40 Years Ago, AJHS Ruled Class A Boys Basketball

Prospectors to Honor 1977-78 State Championship Team at Tuesday’s Home Opener

By Daniel Dullum

Enjoying his retirement, Cy Henry prefers life away from the limelight. But the limelight will find him one more time when Apache Junction’s 1977-78 State Class A boys basketball championship team is honored Tuesday prior to the Prospectors’ season opener against Phoenix Metro Tech.

Cy Henry

“I was glad they’re doing this,” Henry said. “After 40 years, I think it’s neat that they’re doing that.”

Henry, who coached the Prospectors to their only state basketball championship to date, admitted he doesn’t dwell much in the past, saying, “I think about the kids, but 40 years is a long time ago.”

Henry coached AJHS boys basketball 17 years, from 1976 to 1993, and taught there from 1976 to 1998, also coaching football and track until his retirement. And, he coached the AJ girls basketball program from 1996 to 2005.

THE RUNNING PROSPECTORS 

Apache Junction finished its championship season with a 15-4 record after losing the Class A 1977 title game to Coolidge 69-60.

“About half the team played the year before and lost in that championship game to Coolidge,” Henry said. “So it was neat that they got to come back and win that last game. It doesn’t always work that way, and that was definitely a motivating factor!

“We were very fortunate, and they knew it too.”

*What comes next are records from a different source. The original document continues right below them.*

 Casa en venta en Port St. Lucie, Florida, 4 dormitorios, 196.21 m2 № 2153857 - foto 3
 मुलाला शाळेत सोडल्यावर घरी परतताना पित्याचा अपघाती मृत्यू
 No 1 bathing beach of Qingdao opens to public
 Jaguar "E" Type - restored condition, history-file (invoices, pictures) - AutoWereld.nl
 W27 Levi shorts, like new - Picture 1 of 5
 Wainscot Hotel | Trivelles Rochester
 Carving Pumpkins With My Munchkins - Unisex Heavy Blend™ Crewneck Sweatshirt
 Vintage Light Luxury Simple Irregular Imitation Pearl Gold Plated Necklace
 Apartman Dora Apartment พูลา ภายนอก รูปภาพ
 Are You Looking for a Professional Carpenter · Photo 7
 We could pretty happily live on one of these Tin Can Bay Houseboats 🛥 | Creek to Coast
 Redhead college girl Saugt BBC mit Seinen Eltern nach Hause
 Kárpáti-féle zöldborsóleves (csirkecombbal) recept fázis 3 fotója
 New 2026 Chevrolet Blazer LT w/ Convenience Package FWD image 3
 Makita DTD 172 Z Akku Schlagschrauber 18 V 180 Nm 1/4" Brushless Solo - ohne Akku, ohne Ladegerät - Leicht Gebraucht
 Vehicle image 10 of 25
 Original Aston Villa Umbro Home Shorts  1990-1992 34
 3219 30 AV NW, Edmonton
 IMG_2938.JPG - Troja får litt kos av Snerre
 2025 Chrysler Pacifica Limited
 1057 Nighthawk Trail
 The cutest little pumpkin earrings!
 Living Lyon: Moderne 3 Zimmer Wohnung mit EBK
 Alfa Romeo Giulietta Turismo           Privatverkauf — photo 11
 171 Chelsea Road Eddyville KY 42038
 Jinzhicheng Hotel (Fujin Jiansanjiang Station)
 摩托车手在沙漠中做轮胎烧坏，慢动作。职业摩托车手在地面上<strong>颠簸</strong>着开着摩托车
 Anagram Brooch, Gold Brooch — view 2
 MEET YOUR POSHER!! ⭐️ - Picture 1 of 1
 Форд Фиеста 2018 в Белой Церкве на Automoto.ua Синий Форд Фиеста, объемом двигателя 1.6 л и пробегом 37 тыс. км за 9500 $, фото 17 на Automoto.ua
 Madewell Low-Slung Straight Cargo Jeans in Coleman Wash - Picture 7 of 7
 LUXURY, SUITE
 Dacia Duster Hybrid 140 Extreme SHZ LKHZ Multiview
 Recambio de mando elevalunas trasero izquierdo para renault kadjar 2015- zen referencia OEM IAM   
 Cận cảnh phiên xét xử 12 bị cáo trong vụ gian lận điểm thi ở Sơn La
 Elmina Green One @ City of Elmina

The roster consisted of seniors Chris Barwick, Jeff Hays, Randy Hays, Larry Karkos, Charlie Hunt, Kevin Lockard, Sam Marquez and Steve Terwilliger; and juniors Dennis Doerfler, Jeff Graffa and Tim Holder.

Jeff Hays led the team in scoring (12.0 points per game) and rebounding (12.0). As a team, the Prospectors averaged 56.2 points while holding opponents to 44.4 points per game.

“It was a great team,” Henry said. “They all played together really well.”

Henry said he had the personnel to play an up-tempo game.

“We ran a lot on offense, and we pressed on defense. We were pretty aggressive. Plus, we had nine or 10 kids who could play. So we kind of wore some teams out.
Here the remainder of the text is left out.